Il suo giro di colloqui proseguirà fino al 25 ottobre con tappe ad Algeri e Nouakchott per poter sentire, come dichiarato dallo stesso diplomatico, «tutte le parti in causa nel conflitto, verificare le reali condizioni dei profughi e comprendere meglio la questione con una visione diretta e personale».

Il Sahara Occidentale, ex colonia spagnola, è un esteso territorio sulla costa atlantica con circa mezzo milione di abitanti, conteso a causa della sua ricchezza di fosfati. Fu annesso dal Marocco nel 1975 e, un anno dopo, il Fronte Polisario (raggruppamento politico socialista dei sahrawi), sostenuto dall’Algeria, proclamò la nascita della Rasd e reclamò l’istituzione di un referendum di autodeterminazione.

La guerra tra Rabat e il Polisario terminò con il cessate il fuoco del 1991, l’invio della missione di pace Onu Minurso e la promessa di celebrare un referendum per sancire la definitiva annessione da parte del Marocco o, cosa quasi scontata, l’indipendenza del popolo sahrawi.

La missione Minurso non è, però, mai riuscita a mediare tra Rabat, che ha offerto una «forma di autonomia per le sue regioni meridionali», e il Fronte Polisario che rivendica l’indipendenza. Lo scorso aprile il Consiglio di Sicurezza ha adottato una risoluzione per la ripresa dei negoziati e prolungato la missione fino al prossimo anno per il rischio di una ripresa del conflitto armato tra le due parti.

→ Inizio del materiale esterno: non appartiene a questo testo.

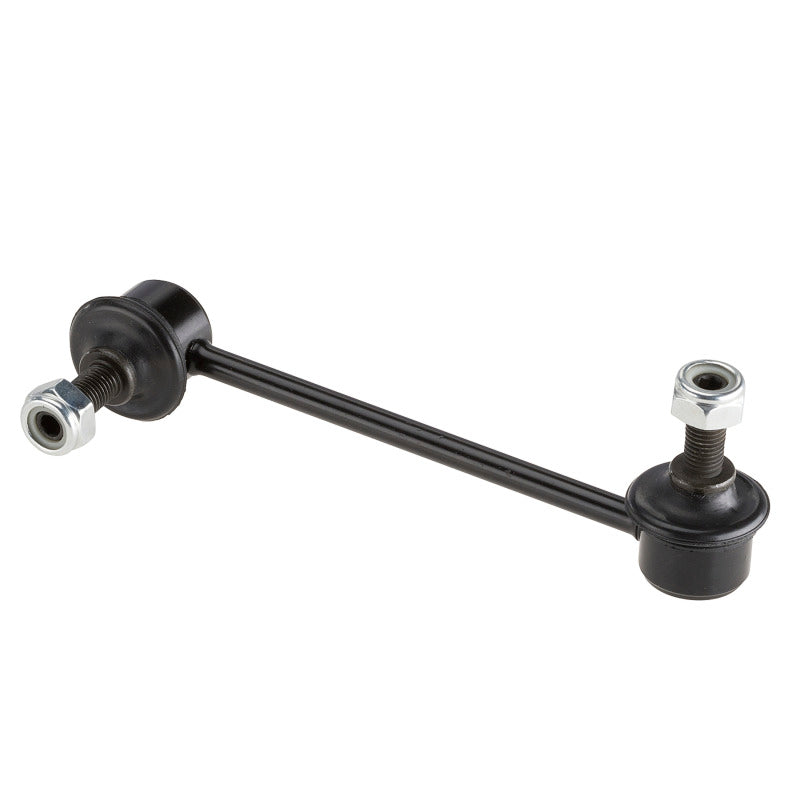 MOOG 06-10 Ford Fusion Sport Front Left / Rear Left Sway Bar Link Kit
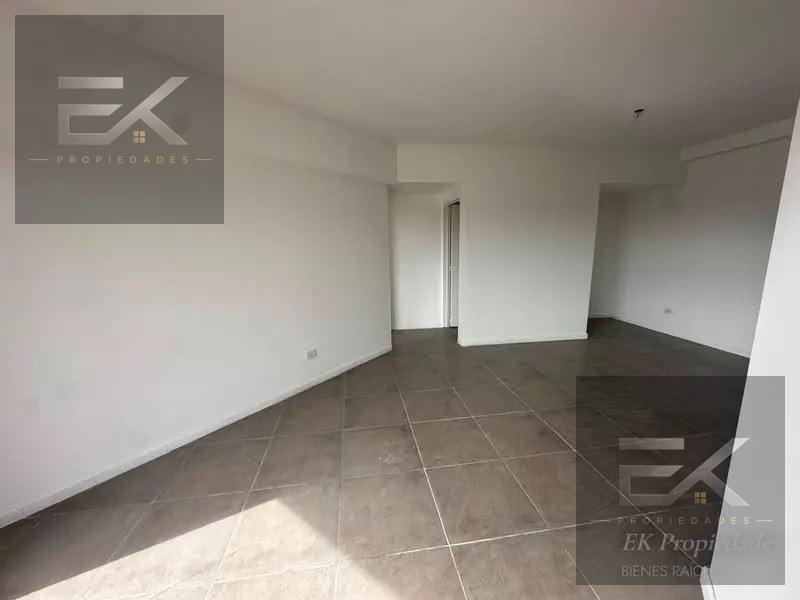 Foto de Departamento 2 Ambientes en Liniers, imagen 1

Situazione resa ancora più difficile dal rientro del Marocco all’interno dell’Unione Africana e dalla progressiva intransigenza di Rabat, in quest’ultimo anno, nei confronti della Rasd. Ad appena una settimana dal suo rientro nell’organizzazione panafricana (febbraio 2017), ad esempio, il ministro degli esteri marocchino ha pubblicamente dichiarato che «Rabat non riconoscerà mai in nessuna maniera e nessuna sede la Rasd».

Dichiarazioni minacciose volte solo ad inasprire la situazione visto che, a livello di rappresentanza, la Repubblica Democratica possiede un proprio diplomatico nella UA e all’Onu (anche se solo come «osservatore»).

«Noi siamo da sempre favorevoli ad una via pacifica per la soluzione di un conflitto lungo oltre 40 anni – ha affermato Brahim Ghali, segretario generale del Fronte Polisario e presidente della Rasd, a margine dei colloqui con il diplomatico tedesco – Sosteniamo e sosterremo il lavoro di Koehler, anche se le perplessità sono molte a causa della posizione del Marocco, ma Rabat deve sapere che tutte le opzioni restano aperte, anche quella militare, in caso di fallimento diplomatico».

Secondo Ghali, infatti, il mandato di Horst Koehler sarà ostacolato dalla determinazione di Rabat per mantenere lo «status quo» grazie, soprattutto, al sostegno della Francia che ha sempre posto il proprio veto, all’interno del Consiglio di Sicurezza Onu, per qualsiasi risoluzione di condanna «sulle numerose violazioni dei diritti umani nei confronti della popolazione sahrawi».